It has been found that a system (1) of the present invention improves the solar energy (both photovoltaic and thermo) utilization rate together with water production efficiency (compared to known systems in the art).
In the context of the present invention, the wording ‘being in communication with’ refers to ‘being connected to’, ‘being coupled to’, ‘being in fluid communication’, or, ‘being in fluid connection’, so as to allow fluids to circulate in (through) the system.
The forward osmosis unit (2) is provided for transporting water from the environment through a semipermeable membrane (3) by osmotic pressure.
A suitable semipermeable membrane (3) for use in the forward osmosis unit (2) of system (1) of the invention will be apparent for those skilled in the art.
The feed side (4) of forward osmosis unit (2) is configured for receiving a feed solution stream (10) comprising water (through the feed side inlet (6)) and having a first osmotic pressure.

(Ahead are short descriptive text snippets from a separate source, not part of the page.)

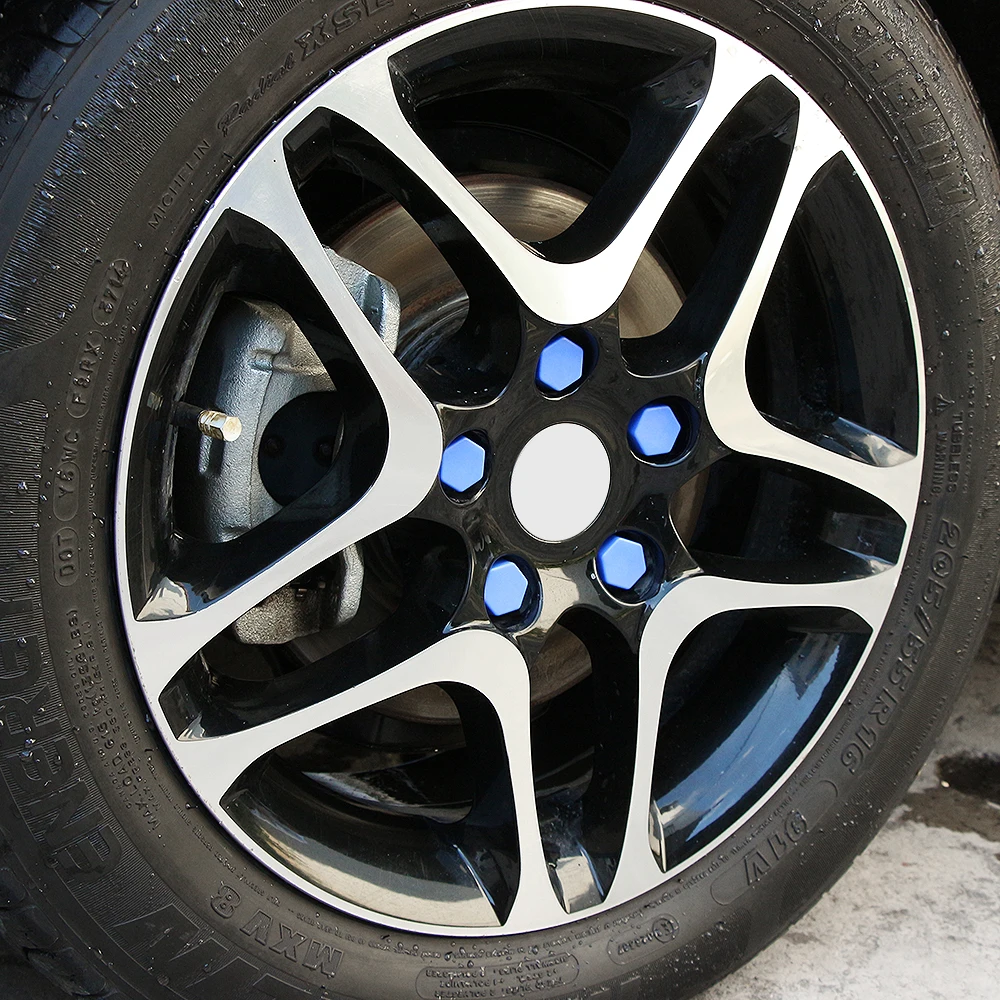 20 силиконовых колпачков 19 мм автомобильные шестигранные Колесные гайки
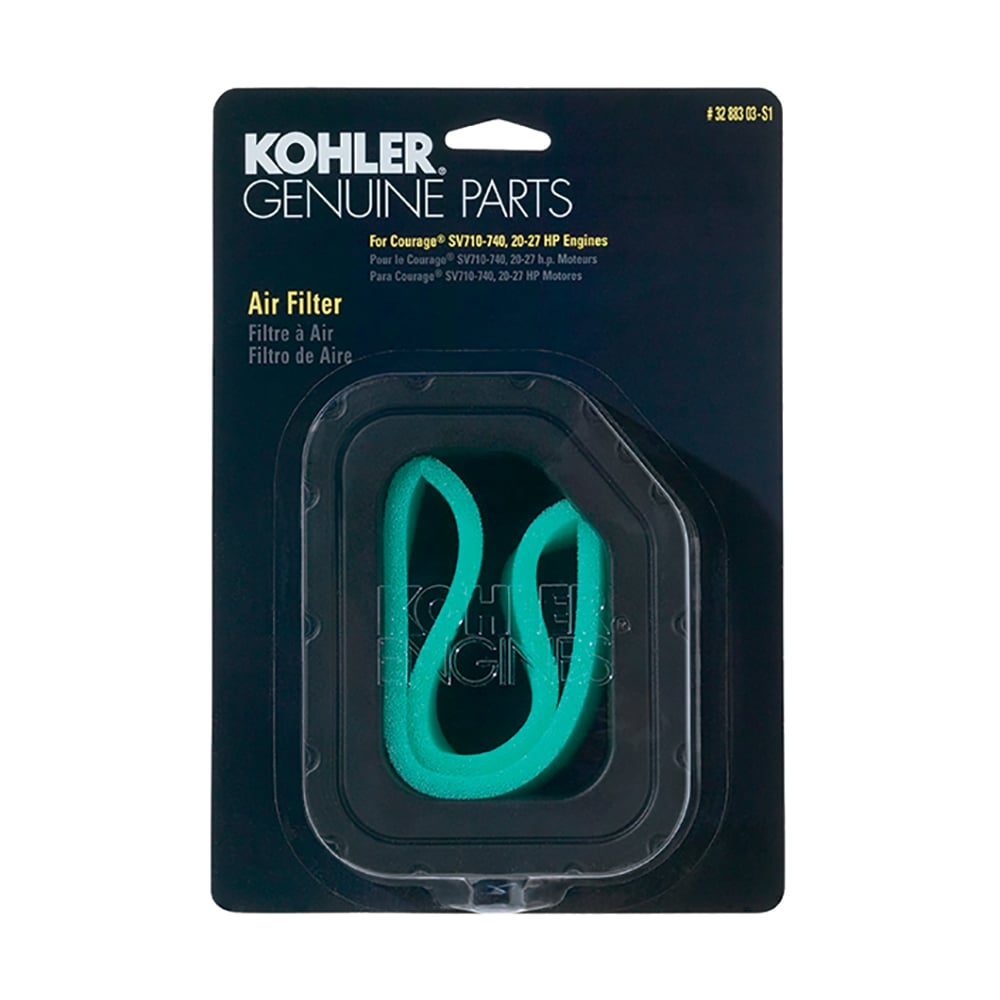 Kohler Air Filter and Pre-Cleaner - 32 883 03-S1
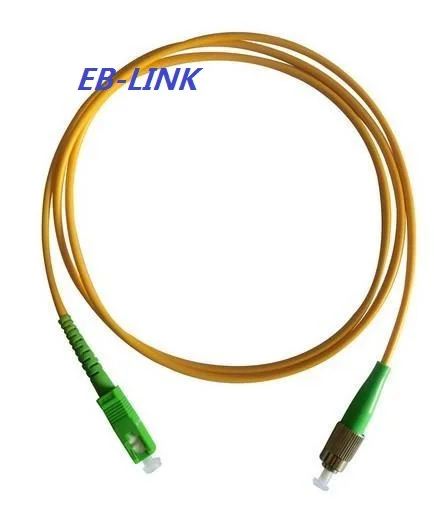 

New 5Meters Simplex, SC/APC-FC/APC,Singlemode 9/125,Optical Fiber Cable Patch Cord Junmper,SC to FC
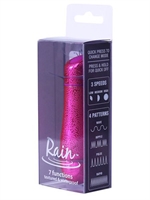 3. Boutique érotique, Bullet Texturé Rain - Fuchsia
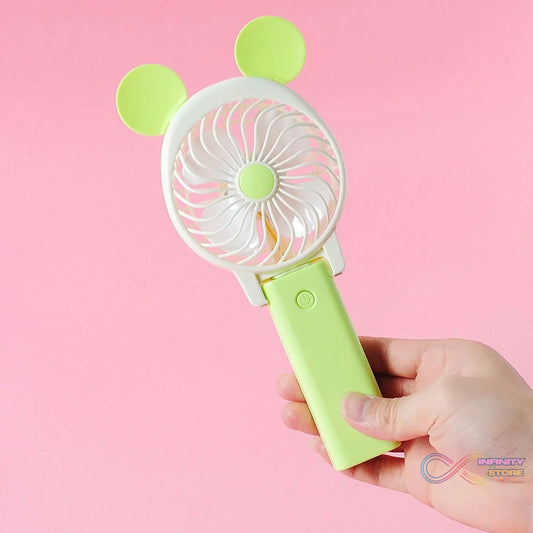 Mini cartoon fan portable and fun design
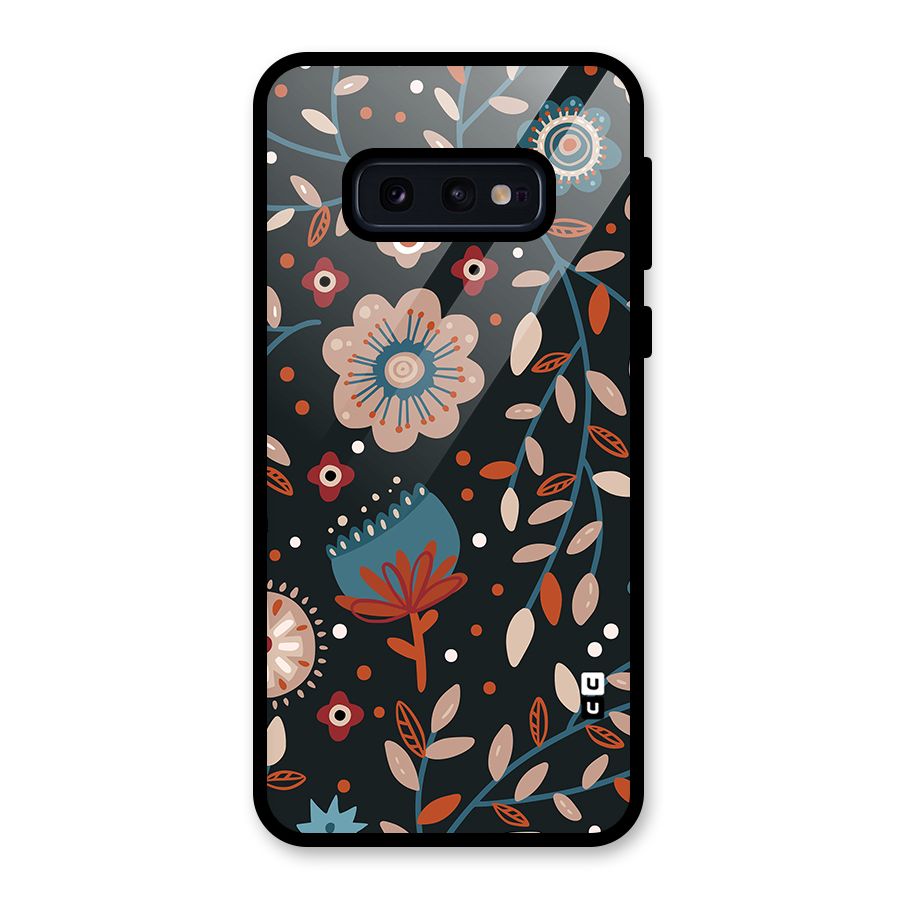 Nordic Arts Flowery Space Glass Back Case for Galaxy S10e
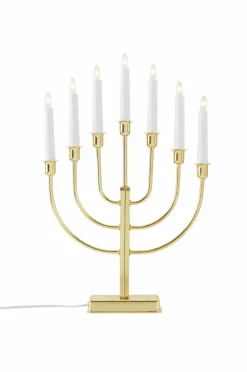 Julbelysning|Jotex KRISTINA Elljusstake Mässing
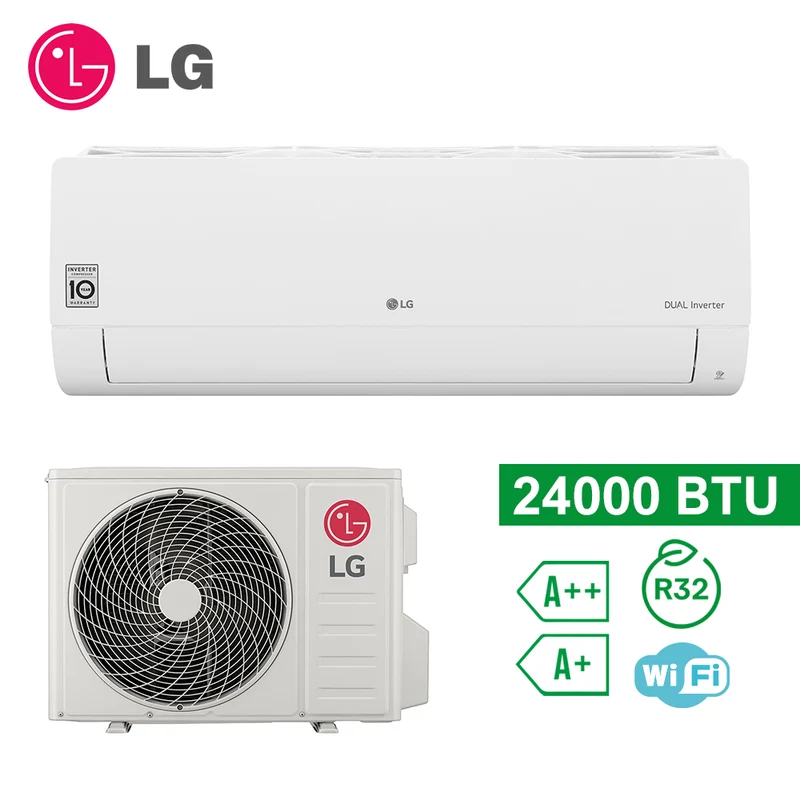 Climatiseur LG Libero SMART S24EC WiFi 24000 BTU 7,0 kW A++ A+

The draw side (5) of forward osmosis unit (2) is configured for receiving a draw solution stream (11) comprising a draw solute (through the draw side inlet (8)) and having a second osmotic pressure.
Advantageously, the second osmotic pressure is higher than the first osmotic pressure.
Advantageously, the feed solution stream (10) comprises (contaminated) water from nature.
More advantageously, the feed solution stream (10) comprises (contaminated) water from any surface water or ground water.
Even more advantageously, the feed solution stream (10) comprises (contaminated) water from a sea, lake, river, channel, solar pond, reservoir, underground, or waste water.
The draw solution comprising the draw solute is being circulated in (through) the system (1) of the invention.
Advantageously, the draw solution comprising the draw solute is being circulated through a hydraulic circuit comprising tubes and at least one pump.
More advantageously, the system (1) comprises at least one pump being adapted for pumping the draw solution comprising the draw solute through the system (1) (allowing the draw solution to circulate in (through) the system (1)).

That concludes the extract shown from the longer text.